In 2015 I did not set any New Year’s Resolutions. Rather, I chose to focus on a “One-Word Goal” for that year; The word was hope. Over 2015 I focused on hope in a variety of areas. I read books on hope; I changed my view towards things, and I eliminated many influences that were negative. In other words, it was a success.
Despite the success, I didn’t set a “One-Word Goal” for 2016 due to some traumatic events at the end of last year. Fortunately, the transition from 2016 to 2017 are more hopeful (not pun intended), and I’m able to set a new “One-Year Goal” for 2017. My goal is simply, peace.
For the past nine years, I have embraced my “Inner Type-A Personality.” This embrace began when I started seminary as I knew the academics would be demanding. The problem of my choice is that I’ve found myself often very unsettled than at peace. Before this decision, there was little productivity within me, but also little anxiety or stress. In fact, I took the time to have fun and enjoy life, but I was also uneasy about how well I was reaching my goals.
Apparently I need a balance between the two extremes of living leisurely versus being a workaholic. My all or nothing approach is one that I admit has failed one side of this continuum or the other. That said, I believe a peaceful balance is not in choosing just one of the extremes, but how I live each side of life when the moments present themselves. In other words, it’s an attitude change towards both productivity and recreation. A perspective change that is best guided by my faith in Christ.

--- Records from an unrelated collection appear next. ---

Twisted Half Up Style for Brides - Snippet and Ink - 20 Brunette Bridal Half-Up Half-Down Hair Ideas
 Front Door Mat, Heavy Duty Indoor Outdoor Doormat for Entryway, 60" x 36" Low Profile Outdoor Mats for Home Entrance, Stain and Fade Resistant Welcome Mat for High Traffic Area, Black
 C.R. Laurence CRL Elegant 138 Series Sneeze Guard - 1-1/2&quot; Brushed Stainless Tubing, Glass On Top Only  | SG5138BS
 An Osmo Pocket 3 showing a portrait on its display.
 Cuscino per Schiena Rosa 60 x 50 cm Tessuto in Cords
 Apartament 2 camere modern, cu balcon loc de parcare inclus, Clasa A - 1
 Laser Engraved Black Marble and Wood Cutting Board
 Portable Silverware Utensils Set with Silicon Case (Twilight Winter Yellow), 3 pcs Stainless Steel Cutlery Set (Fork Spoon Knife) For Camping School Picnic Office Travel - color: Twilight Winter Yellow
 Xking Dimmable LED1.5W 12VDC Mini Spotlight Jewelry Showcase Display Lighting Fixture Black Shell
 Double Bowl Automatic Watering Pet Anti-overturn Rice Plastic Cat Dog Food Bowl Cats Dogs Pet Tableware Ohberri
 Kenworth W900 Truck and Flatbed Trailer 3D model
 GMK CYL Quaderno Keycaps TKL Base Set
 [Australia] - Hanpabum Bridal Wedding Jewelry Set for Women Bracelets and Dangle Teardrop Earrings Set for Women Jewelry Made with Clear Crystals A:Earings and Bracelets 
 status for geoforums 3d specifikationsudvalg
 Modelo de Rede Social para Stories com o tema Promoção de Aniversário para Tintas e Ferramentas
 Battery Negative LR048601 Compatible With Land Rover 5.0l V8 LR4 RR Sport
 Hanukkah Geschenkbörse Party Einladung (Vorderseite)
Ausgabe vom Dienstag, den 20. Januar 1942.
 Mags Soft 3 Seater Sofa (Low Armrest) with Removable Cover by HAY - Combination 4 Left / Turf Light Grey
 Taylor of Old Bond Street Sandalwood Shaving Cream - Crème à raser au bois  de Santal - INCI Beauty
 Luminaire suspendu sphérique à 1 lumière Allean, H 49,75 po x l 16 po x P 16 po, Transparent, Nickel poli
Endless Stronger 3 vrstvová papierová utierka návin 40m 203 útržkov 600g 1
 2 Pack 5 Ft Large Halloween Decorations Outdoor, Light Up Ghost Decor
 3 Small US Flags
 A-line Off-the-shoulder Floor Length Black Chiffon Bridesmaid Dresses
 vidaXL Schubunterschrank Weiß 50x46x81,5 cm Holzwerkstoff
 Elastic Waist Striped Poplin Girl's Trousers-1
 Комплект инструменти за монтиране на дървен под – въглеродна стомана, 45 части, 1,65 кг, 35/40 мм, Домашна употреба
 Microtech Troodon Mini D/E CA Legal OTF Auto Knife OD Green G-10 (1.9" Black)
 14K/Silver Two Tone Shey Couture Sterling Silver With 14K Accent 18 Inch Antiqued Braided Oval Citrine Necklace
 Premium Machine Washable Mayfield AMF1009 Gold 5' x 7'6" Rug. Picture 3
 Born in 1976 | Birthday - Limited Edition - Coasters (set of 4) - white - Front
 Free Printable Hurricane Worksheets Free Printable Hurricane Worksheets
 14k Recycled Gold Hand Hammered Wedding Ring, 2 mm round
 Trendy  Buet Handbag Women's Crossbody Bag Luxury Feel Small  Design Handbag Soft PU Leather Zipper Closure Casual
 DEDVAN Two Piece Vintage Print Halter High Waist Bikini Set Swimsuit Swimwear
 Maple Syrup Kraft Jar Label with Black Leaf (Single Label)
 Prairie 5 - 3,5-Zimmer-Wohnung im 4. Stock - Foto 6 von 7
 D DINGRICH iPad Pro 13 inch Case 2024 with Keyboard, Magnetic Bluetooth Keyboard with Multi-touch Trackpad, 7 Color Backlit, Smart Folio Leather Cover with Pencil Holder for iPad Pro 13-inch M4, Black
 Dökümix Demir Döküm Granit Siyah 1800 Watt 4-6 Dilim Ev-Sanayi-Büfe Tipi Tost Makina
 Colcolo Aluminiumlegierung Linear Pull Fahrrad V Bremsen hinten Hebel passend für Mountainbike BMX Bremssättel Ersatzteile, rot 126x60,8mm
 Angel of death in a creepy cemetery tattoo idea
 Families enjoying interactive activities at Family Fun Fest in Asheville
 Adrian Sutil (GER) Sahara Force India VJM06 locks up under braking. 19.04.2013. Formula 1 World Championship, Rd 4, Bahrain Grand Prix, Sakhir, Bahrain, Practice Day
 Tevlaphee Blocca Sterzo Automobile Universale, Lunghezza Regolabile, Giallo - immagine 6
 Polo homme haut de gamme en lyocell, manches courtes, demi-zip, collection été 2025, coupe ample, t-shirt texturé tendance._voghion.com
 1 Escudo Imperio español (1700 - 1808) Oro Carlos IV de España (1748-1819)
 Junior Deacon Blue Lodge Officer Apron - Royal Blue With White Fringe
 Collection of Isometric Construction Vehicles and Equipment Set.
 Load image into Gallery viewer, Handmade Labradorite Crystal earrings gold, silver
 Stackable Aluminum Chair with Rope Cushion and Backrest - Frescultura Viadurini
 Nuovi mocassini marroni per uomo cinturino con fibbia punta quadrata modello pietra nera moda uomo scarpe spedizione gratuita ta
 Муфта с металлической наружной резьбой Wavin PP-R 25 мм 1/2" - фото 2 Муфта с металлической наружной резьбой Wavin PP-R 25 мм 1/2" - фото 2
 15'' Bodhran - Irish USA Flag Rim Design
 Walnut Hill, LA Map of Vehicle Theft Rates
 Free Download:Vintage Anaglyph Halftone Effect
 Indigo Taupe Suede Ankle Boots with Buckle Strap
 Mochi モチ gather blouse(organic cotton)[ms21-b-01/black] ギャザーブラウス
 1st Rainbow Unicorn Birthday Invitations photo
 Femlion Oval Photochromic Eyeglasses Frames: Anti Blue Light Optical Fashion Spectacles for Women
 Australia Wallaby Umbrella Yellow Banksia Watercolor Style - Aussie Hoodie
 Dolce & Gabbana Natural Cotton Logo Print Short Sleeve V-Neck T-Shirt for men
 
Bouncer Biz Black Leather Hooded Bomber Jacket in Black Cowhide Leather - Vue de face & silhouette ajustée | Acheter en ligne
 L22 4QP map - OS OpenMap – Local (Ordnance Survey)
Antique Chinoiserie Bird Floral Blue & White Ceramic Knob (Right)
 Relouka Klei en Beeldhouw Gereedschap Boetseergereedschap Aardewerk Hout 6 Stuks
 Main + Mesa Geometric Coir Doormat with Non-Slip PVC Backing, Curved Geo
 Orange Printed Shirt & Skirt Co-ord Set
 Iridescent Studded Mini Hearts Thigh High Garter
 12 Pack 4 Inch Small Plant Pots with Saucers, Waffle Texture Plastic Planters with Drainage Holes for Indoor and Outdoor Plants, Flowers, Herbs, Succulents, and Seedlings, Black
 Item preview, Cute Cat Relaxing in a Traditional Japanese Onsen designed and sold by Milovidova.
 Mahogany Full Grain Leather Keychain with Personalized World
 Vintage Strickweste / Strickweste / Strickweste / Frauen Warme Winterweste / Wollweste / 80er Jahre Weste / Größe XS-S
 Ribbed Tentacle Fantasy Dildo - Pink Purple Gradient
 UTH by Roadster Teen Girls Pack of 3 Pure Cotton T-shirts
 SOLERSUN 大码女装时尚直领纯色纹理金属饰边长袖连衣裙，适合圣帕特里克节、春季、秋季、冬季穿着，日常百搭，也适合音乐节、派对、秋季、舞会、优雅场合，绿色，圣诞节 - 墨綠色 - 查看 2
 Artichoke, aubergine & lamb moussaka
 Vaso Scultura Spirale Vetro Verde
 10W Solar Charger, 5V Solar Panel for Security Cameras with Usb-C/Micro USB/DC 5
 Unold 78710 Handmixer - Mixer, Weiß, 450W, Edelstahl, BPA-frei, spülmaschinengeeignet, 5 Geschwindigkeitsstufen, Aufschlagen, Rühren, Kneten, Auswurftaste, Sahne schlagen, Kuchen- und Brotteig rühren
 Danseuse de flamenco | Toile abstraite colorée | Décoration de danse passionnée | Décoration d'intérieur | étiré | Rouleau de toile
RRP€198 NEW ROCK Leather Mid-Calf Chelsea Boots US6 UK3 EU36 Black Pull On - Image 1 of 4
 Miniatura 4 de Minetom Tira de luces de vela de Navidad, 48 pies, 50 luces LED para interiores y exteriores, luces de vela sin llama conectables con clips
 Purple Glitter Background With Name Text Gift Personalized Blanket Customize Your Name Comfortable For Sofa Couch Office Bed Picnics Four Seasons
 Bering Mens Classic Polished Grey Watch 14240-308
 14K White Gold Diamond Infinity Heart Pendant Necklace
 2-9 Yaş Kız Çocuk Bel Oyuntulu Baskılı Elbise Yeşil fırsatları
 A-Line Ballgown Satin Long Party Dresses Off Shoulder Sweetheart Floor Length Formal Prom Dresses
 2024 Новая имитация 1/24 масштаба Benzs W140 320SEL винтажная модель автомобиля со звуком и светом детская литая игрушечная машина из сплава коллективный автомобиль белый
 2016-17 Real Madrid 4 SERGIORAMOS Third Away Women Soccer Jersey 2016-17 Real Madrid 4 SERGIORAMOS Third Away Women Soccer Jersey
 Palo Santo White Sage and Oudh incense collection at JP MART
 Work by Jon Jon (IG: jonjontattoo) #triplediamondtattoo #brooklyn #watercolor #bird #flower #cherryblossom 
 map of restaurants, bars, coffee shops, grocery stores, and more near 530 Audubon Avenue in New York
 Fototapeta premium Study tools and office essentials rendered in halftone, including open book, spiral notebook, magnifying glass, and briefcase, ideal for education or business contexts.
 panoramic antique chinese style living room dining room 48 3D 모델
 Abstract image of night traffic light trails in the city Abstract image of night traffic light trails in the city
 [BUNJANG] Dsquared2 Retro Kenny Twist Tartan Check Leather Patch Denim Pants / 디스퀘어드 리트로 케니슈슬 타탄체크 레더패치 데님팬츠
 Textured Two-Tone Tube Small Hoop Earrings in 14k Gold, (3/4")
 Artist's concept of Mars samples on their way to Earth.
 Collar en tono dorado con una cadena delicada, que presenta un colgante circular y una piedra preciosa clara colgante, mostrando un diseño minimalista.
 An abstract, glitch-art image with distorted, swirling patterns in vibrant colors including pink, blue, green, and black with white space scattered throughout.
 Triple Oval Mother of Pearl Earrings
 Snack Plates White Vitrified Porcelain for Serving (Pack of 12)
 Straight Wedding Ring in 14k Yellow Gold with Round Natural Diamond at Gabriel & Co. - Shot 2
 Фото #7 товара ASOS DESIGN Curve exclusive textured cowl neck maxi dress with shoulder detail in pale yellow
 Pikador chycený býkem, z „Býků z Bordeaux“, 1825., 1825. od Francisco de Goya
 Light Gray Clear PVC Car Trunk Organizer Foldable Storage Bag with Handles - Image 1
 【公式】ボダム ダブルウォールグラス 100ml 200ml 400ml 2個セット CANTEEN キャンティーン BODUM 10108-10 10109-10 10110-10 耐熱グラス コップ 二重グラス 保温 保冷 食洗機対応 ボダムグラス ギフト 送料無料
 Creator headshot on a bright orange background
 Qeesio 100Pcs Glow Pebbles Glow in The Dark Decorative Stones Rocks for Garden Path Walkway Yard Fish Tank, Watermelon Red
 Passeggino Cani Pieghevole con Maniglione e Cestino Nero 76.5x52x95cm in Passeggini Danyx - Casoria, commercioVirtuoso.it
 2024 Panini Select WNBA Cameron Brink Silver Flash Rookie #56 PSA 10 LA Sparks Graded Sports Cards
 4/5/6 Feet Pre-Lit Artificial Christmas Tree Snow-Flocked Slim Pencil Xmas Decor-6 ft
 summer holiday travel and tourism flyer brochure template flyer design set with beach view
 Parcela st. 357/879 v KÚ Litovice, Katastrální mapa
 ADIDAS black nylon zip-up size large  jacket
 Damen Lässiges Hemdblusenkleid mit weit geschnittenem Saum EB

By walking day-by-day and moment-by-moment with Christ, I believe peace will be gained in all aspects of my life. Notice I said, “with Christ” and not “for Christ.” This distinction is so important for my life and in yours too. Not only is it a biblical principle found in Matthew 1:18 “God with us” and John 15:5 “a man within me can do many things, but apart from me he can do nothing,” it’s a practical step too.
Often in our Christian lives when we engage our faith we busy ourselves with trying to “do for God” than “walk with Him.” Personally, I look back on my last nine years. I look at all of the “spiritual” things I’ve accomplished, and I realize that I started doing “for God.” Yes, God called me to seminary. Yes, he called me to be a minister and pastor a few churches. Yes, he called me to do other accomplishments that I could list. However, I erred not in doing them, but that I ended up doing them “for God” than “with God.” They then became burdens than joyful points of spiritual formation because it became more about me than Him.
The summary of my loss of peace stems from forgetting the true nature of God’s grace. The fact that everything we have in Christ is not earned, but given. As Jesus said, “It is finished.” Therefore the result of his complete work is that we don’t have to nor can we do anything “for Him.” Instead, since Christ has done it all we only need rest in and “with Him.” We need to rest in the exact purpose of Christ’s death and resurrection for us so we can walk together in a two-way relationship that is “with Him” who is Jesus Christ.
In response to this grace, for 2017 I’m choosing to see more through a lens of faith and with my spiritual eyes, In a society that’s driven, I hope to slow down and talk “with God” more through both the fun and work of life. By doing so, I believe that peace will grow in my life because “with Him” that’s the nature of Christ.
What then would be your “One-Word Goal?”